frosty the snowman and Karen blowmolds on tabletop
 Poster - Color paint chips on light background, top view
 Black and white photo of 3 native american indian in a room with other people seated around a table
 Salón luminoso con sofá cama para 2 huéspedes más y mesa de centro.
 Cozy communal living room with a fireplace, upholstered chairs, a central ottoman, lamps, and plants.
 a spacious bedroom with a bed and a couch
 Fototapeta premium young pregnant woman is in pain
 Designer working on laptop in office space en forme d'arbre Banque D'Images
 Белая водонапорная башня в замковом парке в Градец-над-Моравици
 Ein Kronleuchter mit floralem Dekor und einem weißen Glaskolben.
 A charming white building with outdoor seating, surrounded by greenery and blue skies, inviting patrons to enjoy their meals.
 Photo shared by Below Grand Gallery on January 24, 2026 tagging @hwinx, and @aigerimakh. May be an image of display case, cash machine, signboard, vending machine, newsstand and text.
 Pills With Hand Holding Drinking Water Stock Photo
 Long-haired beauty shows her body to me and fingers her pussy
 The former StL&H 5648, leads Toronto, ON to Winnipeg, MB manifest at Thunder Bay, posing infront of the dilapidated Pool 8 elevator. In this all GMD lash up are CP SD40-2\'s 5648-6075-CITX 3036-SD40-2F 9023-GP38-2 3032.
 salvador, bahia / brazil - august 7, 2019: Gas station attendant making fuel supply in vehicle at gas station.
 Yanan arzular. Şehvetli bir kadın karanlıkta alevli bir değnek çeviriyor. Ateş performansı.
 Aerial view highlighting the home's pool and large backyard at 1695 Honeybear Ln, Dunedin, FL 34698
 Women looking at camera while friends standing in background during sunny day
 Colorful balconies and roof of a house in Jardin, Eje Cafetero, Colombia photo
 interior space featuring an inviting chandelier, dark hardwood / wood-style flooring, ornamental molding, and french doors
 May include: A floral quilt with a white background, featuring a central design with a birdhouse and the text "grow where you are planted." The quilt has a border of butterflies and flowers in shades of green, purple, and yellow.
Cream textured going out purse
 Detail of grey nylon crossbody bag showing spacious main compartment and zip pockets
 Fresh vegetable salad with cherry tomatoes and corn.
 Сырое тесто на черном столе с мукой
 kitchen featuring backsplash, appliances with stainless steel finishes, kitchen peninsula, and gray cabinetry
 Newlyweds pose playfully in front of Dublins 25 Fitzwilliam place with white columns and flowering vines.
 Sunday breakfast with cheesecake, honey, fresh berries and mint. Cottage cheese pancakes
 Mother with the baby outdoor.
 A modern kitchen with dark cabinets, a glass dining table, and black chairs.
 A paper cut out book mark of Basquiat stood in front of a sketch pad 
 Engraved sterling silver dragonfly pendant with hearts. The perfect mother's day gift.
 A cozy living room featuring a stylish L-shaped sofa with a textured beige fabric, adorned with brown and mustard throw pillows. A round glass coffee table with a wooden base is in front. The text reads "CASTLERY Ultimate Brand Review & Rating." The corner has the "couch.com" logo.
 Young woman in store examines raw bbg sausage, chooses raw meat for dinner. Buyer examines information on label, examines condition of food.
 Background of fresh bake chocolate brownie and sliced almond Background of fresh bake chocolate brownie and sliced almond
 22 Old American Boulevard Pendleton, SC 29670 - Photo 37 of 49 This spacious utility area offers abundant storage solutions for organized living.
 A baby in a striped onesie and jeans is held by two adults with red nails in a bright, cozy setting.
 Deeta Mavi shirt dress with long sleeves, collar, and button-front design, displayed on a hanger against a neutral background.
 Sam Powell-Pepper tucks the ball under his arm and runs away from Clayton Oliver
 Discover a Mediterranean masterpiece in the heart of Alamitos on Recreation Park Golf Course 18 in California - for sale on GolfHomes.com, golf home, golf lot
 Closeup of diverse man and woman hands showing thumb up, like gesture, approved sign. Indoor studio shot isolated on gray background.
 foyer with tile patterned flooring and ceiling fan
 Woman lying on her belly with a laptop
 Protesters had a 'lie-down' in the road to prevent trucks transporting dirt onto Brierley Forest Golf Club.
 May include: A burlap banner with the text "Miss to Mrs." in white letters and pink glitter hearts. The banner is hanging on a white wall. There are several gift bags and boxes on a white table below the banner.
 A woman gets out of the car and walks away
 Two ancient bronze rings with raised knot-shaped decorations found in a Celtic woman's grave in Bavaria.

Exercise objective:
Copy back the listing above exactly, but only from the line with "May include: A floral" through the line with "Sam Powell-Pepper tucks", both ends included.

Result of the task:
 May include: A floral quilt with a white background, featuring a central design with a birdhouse and the text "grow where you are planted." The quilt has a border of butterflies and flowers in shades of green, purple, and yellow.
Cream textured going out purse
 Detail of grey nylon crossbody bag showing spacious main compartment and zip pockets
 Fresh vegetable salad with cherry tomatoes and corn.
 Сырое тесто на черном столе с мукой
 kitchen featuring backsplash, appliances with stainless steel finishes, kitchen peninsula, and gray cabinetry
 Newlyweds pose playfully in front of Dublins 25 Fitzwilliam place with white columns and flowering vines.
 Sunday breakfast with cheesecake, honey, fresh berries and mint. Cottage cheese pancakes
 Mother with the baby outdoor.
 A modern kitchen with dark cabinets, a glass dining table, and black chairs.
 A paper cut out book mark of Basquiat stood in front of a sketch pad 
 Engraved sterling silver dragonfly pendant with hearts. The perfect mother's day gift.
 A cozy living room featuring a stylish L-shaped sofa with a textured beige fabric, adorned with brown and mustard throw pillows. A round glass coffee table with a wooden base is in front. The text reads "CASTLERY Ultimate Brand Review & Rating." The corner has the "couch.com" logo.
 Young woman in store examines raw bbg sausage, chooses raw meat for dinner. Buyer examines information on label, examines condition of food.
 Background of fresh bake chocolate brownie and sliced almond Background of fresh bake chocolate brownie and sliced almond
 22 Old American Boulevard Pendleton, SC 29670 - Photo 37 of 49 This spacious utility area offers abundant storage solutions for organized living.
 A baby in a striped onesie and jeans is held by two adults with red nails in a bright, cozy setting.
 Deeta Mavi shirt dress with long sleeves, collar, and button-front design, displayed on a hanger against a neutral background.
 Sam Powell-Pepper tucks the ball under his arm and runs away from Clayton Oliver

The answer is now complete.